For more than a decade, primary school students have enjoyed the slow death of the dreaded after-school homework sheet. But the party might be over.
A growing number of parents are pushing back against schools’ “no homework” policies, demanding the return of the kitchen table routine.
At St Charles Catholic School in Ryde, principal Frank Cohen said that for every parent who opposes homework, “there are probably three who very much insist they want it”.
“We find that the majority of children need that routine and discipline,” he said.
There’s a twist: weeks five and 10 of each term are designated “no homework” weeks, designed for students to prioritise out-of-school activities and home life.
For nine-year-old Deanna Noory, it’s a welcome relief. Asked how she fits it all in, Deanna furrows her brow: “That’s the problem! That’s why I look forward to no homework week,” she said.
The pressure is pushing some public primary schools to reverse their progressive policies.
“We’ve realised there is this appetite among some parents for homework,” Kegworth Public principal Phil Toovey said in 2023, after the school backflipped on its controversial homework-free stance.
For parent Ivy Lee, who grew up in Malaysia, the Australian approach has been jarring. Shocked to learn her son’s public school did not have homework until year 3, she moved him to the local Catholic school.
“Homework is a foundation,” Lee said. “If there’s no revision, no homework, you don’t know what they are good at. You can’t see their strengths and weaknesses. We have nothing to follow up with,” said Lee.
Australian Tutoring Association CEO Mohan Dhall said parents are bridging the gap by enrolling their children into tutoring to ensure they continue learning at home, leading to “bizarre” consequences.
“In class, kids will be doing their tutoring homework because they are so far ahead of what’s happening in school,” Dhall said.
“Parents say ‘I want my child to be disciplined, therefore if it’s not coming from the school, I will take it upon myself’,” he said.
The parent-led pushback for homework contradicts academic data. University of Sydney education expert Nikki Brunker said research shows no benefit to homework in primary school, calling it a detriment to family life and play. However, she is not surprised by the backlash, citing a post-COVID shift towards “conservative, behaviourist schooling”.
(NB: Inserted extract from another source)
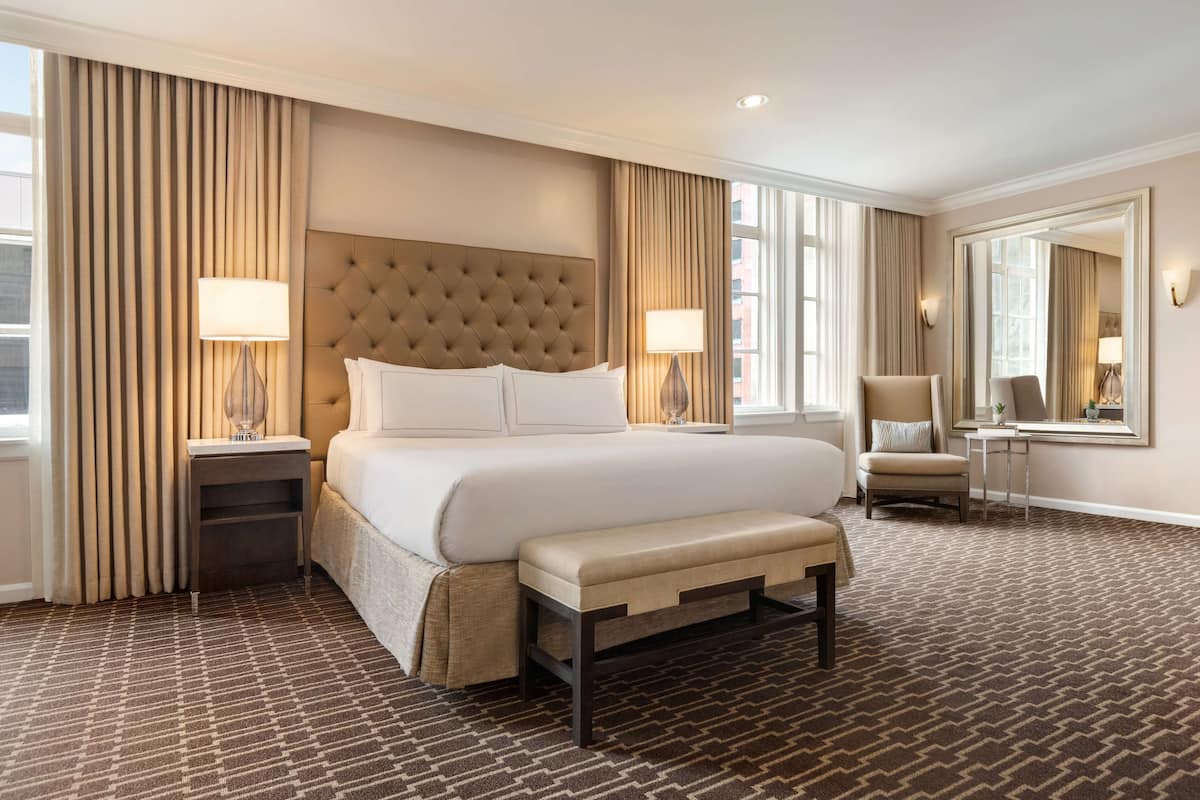Una habitación de hotel con una cama grande, un banco, una silla, un escritorio y un espejo.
Brunker said for many families, homework is simply how they were taught to stay in touch with school.
“Homework’s the known,” she said. “It’s a connection to school … without homework, sometimes it can be very difficult to know what your child is doing at school.”
The NSW Department of Education allows schools to decide their own policies. However, state guidelines say that formal homework should not be given at kindergarten level, advising that young students instead “may be given books to read at home”.